Concerning existing measures of parenting self-efficacy, domain-general self-efficacy focuses on the global assessment of self-efficacy (i.e., overall sense of competence) and is considered independent of domain-specific self-efficacy (i.e., the individual’s self-perceived ability in a specific parenting task; Coleman & Karraker, 2000). A systematic review of 76 studies identified 34 self-report measures of parenting self-efficacy (Wittkowski et al., 2017), 22 of which measured domain-specific self-efficacy. These scales were compared on their psychometric qualities (e.g., content and construct validity, reliability) and general characteristics (e.g., ease of scoring, interpretability). Among the scales reviewed, the Self-efficacy for Parenting Tasks Index (SEPTI; Coleman & Karraker, 2000) did not receive a high ranking compared to other domain-specific scales, particularly in terms of content validity (i.e., receiving a score of 1—indicating doubtful methodology) and test-retest reliability (i.e., receiving a score of 0—indicating no information available on the replicability of the score; Wittkowski et al., 2017). Moreover, the Discipline subscale of the SEPTI assesses perceived self-efficacy concerning disciplinary measures but does not reference physical punishment or managing conflict with children. The Parenting Self-Efficacy scale of the PDEPQ is unique in that it includes elements of both global and domain-specific self-efficacy specifically tailored to assess confidence in resolving conflict without using punishment, and it is not constrained to only young children. Therefore, these items are applicable to both young children and adolescents. In addition, there was an effort to avoid language that assumed the child’s intent, such as the word ‘misbehaviour.’ Instead, specific behaviours were described so parents could generate spontaneous responses.

In sum, the four scales that are part of the PDEPQ allow researchers to capture some critical predictors of parental punishment that existing measures lack. In this study, the validity of the PDEPQ was examined in terms of content and construct. Moreover, a detailed psychometric evaluation of the measurement instrument, including a series of item-level analyses and a reliability assessment, was undertaken to ensure the development of psychometrically sound scales designed to measure cognitive dimensions of parenting related to parental punishment.

Study Objectives

Through two studies, we aimed to evaluate the PDEPQ-R (revised version) and gather data on its psychometric properties. Study 1 assessed its content validity via two samples: (1) a group of professionals in parenting research, child development, and psychometric assessment and (2) a group of parents. Following questionnaire modifications based on Study 1 findings, the goal of Study 2 was to gather data from a sample of 400 parents to examine the psychometric properties of the PDEPQ-R using Item Response Theory (IRT) analyses. The sample data were also used to gather evidence to support the construct validity of the four scales and their internal consistency. Finally, a sub-sample (n = 100) of parents was randomly selected among the 400 parents who completed the PDEPQ-R to complete the same questionnaire (i.e., no other measure was administered) four weeks following the initial administration to assess its test-retest reliability.

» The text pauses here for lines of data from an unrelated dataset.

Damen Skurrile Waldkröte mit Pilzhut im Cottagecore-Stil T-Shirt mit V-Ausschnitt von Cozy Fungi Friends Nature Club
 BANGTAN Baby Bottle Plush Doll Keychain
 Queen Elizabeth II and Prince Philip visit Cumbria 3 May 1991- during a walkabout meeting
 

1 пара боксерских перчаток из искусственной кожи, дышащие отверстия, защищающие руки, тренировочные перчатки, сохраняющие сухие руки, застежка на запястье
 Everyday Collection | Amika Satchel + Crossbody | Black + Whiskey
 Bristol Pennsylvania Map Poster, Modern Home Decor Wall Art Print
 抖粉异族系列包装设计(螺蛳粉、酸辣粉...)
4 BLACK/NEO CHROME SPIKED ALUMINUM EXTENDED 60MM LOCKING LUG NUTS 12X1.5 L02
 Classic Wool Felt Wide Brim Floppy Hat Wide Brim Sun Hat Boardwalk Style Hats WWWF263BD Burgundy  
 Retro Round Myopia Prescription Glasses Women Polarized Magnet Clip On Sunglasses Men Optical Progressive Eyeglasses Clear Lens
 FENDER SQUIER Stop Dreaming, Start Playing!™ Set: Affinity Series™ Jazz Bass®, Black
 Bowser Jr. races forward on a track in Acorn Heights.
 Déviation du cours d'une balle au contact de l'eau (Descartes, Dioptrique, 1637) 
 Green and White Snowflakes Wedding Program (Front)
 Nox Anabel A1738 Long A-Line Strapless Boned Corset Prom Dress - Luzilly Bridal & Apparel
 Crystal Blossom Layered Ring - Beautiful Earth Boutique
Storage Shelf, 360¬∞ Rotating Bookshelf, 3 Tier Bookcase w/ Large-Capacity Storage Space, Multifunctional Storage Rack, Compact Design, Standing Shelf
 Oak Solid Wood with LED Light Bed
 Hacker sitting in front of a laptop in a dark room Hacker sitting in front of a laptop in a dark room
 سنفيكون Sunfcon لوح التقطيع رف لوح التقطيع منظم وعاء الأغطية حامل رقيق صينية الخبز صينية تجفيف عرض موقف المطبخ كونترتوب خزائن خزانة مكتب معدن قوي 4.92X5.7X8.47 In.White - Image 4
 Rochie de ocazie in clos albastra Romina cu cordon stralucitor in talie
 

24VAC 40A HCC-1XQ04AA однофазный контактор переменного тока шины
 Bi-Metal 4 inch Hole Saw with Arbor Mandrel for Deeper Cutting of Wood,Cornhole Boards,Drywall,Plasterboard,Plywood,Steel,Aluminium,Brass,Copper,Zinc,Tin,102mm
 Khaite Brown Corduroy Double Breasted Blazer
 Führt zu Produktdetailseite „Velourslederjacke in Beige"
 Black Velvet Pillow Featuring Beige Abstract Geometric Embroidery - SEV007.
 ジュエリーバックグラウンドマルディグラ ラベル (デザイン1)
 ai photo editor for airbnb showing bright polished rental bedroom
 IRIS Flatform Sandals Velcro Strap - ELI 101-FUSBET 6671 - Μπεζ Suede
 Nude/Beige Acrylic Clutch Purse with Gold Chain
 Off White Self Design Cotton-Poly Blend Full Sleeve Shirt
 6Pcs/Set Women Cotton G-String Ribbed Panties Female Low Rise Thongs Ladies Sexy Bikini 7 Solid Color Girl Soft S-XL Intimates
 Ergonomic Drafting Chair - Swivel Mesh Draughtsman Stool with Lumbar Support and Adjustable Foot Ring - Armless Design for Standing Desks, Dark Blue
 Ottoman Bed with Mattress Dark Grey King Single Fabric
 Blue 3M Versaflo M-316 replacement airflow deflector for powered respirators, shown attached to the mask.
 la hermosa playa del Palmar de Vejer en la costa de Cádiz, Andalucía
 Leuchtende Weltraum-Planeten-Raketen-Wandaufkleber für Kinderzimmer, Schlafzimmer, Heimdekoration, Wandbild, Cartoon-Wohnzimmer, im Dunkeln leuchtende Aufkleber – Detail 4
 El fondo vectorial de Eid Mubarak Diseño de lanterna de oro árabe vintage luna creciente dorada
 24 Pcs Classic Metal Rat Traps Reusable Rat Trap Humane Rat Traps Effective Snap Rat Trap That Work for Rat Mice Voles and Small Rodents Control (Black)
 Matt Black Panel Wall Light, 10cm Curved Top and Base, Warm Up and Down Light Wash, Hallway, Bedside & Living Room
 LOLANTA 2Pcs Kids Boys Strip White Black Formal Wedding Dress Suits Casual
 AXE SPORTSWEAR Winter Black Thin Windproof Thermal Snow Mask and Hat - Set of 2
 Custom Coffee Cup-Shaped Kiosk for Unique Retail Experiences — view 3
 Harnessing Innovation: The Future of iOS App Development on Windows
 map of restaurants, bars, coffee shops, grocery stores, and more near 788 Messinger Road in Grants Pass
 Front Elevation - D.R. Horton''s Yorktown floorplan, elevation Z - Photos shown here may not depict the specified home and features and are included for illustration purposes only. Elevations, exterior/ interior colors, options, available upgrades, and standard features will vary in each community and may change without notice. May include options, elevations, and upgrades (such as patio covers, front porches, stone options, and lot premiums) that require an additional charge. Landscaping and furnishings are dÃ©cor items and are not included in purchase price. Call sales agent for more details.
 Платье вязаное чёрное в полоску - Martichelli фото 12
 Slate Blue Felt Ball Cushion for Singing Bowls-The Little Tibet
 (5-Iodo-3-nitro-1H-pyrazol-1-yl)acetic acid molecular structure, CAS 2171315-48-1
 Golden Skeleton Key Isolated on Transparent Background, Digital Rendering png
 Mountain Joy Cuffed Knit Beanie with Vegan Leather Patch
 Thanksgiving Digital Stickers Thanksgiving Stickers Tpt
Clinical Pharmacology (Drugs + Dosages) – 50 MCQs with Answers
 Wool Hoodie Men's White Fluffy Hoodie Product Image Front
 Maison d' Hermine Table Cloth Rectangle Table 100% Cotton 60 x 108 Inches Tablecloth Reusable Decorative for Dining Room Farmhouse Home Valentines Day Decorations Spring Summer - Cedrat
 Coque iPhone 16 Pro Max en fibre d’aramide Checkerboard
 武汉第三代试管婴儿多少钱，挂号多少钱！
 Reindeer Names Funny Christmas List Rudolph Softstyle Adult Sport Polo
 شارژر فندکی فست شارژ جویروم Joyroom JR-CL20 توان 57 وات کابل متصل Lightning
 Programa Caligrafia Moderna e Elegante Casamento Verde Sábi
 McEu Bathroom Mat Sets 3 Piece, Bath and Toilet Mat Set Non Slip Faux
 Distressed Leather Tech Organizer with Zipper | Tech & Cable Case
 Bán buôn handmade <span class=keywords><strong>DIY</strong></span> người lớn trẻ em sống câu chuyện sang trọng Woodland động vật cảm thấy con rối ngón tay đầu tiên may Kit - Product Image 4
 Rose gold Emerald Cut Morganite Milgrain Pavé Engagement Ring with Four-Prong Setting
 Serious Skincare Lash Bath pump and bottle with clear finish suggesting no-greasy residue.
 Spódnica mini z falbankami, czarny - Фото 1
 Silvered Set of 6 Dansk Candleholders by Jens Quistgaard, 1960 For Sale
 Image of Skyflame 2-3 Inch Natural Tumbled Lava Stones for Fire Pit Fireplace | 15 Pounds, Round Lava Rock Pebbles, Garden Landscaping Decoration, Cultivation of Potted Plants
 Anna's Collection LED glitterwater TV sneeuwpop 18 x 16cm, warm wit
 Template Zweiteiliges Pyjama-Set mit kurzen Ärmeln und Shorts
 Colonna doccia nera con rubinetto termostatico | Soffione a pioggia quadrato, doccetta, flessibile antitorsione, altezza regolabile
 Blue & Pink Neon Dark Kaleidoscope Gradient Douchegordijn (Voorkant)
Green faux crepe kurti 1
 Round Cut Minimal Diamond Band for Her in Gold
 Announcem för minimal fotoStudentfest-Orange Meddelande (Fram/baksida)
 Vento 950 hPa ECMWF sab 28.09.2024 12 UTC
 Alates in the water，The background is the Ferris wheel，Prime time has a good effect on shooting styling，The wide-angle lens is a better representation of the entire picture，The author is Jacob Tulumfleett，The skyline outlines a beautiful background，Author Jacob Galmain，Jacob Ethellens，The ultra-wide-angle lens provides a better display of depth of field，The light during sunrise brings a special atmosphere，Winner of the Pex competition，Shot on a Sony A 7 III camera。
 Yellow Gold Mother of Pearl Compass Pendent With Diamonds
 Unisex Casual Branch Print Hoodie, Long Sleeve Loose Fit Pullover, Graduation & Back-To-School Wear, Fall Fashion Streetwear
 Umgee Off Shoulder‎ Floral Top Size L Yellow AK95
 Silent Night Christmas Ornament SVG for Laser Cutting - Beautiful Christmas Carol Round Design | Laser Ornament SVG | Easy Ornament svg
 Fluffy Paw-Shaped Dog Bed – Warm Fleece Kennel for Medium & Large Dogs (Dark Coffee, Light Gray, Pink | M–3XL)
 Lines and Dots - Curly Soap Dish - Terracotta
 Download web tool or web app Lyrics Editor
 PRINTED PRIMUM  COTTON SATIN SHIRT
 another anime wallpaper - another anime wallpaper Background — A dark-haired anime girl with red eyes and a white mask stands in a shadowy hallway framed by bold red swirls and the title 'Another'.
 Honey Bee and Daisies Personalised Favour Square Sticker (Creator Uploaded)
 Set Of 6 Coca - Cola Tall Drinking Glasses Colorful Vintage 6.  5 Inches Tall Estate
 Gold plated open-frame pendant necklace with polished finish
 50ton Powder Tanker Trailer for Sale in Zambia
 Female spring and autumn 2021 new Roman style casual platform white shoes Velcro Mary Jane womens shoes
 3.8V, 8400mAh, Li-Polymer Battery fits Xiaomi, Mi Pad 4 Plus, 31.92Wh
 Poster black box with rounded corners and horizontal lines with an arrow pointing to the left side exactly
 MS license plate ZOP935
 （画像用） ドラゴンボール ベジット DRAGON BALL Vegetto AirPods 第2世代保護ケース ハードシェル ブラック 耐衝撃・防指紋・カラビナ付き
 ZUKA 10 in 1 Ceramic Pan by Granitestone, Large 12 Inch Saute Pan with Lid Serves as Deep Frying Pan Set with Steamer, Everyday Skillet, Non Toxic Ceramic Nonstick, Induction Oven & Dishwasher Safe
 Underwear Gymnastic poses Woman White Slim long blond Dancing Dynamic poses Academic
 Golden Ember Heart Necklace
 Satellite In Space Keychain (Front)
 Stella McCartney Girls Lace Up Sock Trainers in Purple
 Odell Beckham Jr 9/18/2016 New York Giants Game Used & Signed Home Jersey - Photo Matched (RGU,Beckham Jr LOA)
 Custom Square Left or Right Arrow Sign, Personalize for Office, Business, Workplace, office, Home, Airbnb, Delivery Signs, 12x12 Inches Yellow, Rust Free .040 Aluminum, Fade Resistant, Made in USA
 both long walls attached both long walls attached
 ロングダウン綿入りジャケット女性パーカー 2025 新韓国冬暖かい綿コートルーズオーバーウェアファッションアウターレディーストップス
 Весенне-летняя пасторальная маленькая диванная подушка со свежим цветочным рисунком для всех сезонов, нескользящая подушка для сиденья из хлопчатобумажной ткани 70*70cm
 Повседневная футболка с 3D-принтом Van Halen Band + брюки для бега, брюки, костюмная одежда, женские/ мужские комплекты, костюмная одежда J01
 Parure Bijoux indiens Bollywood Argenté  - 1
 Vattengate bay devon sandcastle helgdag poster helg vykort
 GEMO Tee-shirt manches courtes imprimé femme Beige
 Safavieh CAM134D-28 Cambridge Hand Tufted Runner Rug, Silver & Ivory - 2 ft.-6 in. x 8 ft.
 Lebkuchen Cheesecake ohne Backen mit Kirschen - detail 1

One significant advantage of this study was the combination of Classic Test Theory (CCT) and IRT methodologies to assess the psychometric characteristics of the PDEPQ-R scales. Generally, Cronbach’s alpha has been criticised as being population-dependent (i.e., coefficient changes depending on the test-taker sample) and subject to possible inflations with increasing items in a given scale (Reise & Henson, 2003). On the other hand, the IRT approach is not only population-independent (i.e., consistent estimates across different populations), but it also provides a reliability measure for each item (e.g., item information curve) at different levels of the underlying trait so that each item is associated with information parameters (De Ayala, 2013). Thus, the use of IRT, in addition to the traditional reliability assessment (i.e., Cronbach alpha), constitutes an advantage in interpreting the reliability of a measurement instrument in that it provides valuable information at various stages of scale development. In addition, this study used quantitative and qualitative techniques to examine the psychometric characteristics of the PDEPQ-R. These techniques were used sequentially, beginning with the content validity assessment (professional and parent feedback) and associated modifications, followed by the IRT analyses.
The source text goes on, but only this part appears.